Do You Trust Your Teen Alone with Members of the Opposite Sex?
What would you do if your child asks if he/she could spend a few hours at a friend's house without any adult supervision? Would it matter if the child he/she was hanging out with was of the opposite sex?
As a mom of a 15-year-old daughter, I have had no problems over the years of letting my child spend time with her friends, boys and girls, so long as I knew the parents and if a parent was present while my daughter was with their child.
But as my daughter has grown, so have her boundaries. Recently, my daughter asked if she could hang with a friend of hers who happened to be a boy. I asked her if a parent would be at the house while she was spending time with him, and found out that no parent would be present.

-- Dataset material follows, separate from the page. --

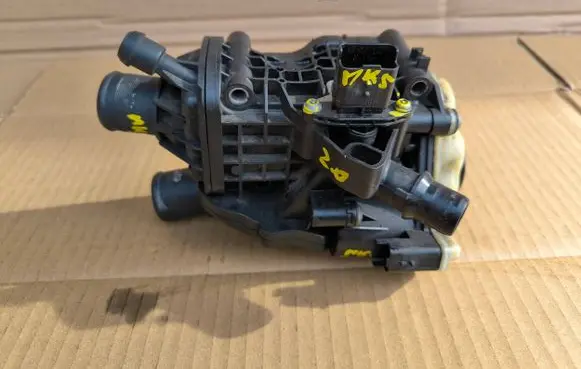 Thermostat/thermostat housing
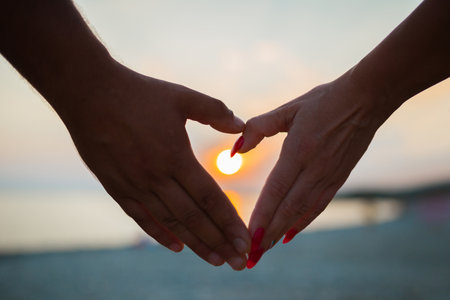 Heart shape made with hands at sunset.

When I informed her that she couldn't go unless there was a parent there, she couldn't understand why. She repeatedly said that nothing would happen and that she could take care of herself. I responded that I trusted that she could handle herself, but since I didn't know the boy, nor the parents, I didn't think it was a good idea to spend time with him by herself.
While I expected my daughter to be annoyed and upset about my response, I was unprepared for her next question. "If he was gay, would that make a difference?"
My brain stopped for a minute while I digested her question. Should it make a difference whether the teen is gay or not? It shouldn't, but in reality, it does. I would be lying if I didn't think that she would be safer spending time with a (boy)friend who is gay, but that's not the only reason. Another big factor is the relationship I have developed with parents of my daughter's friends. Maybe I'm naive for thinking that it would be less likely for my daughter to be in danger with a boy whose family I know, but for me, that works.
In the end, my daughter explained to her (boy)friend that I was not comfortable having her spend time with him by themselves. I didn't mind that she used me as her excuse; I was actually glad that she respected my decision even if she wasn't on board initially. This scenario may just be the beginning of more issues regarding boundaries, but I'm glad that I can have a discussion about it with my daughter, even if it means that she may not like the end result.
So, would you let your teen daughter/son spend time alone with the opposite sex? Would you feel differently if the boy/girl was gay? Should gender matter? It may not matter, but it sure does present an opportunity for discussion. That's my view on this, what's yours?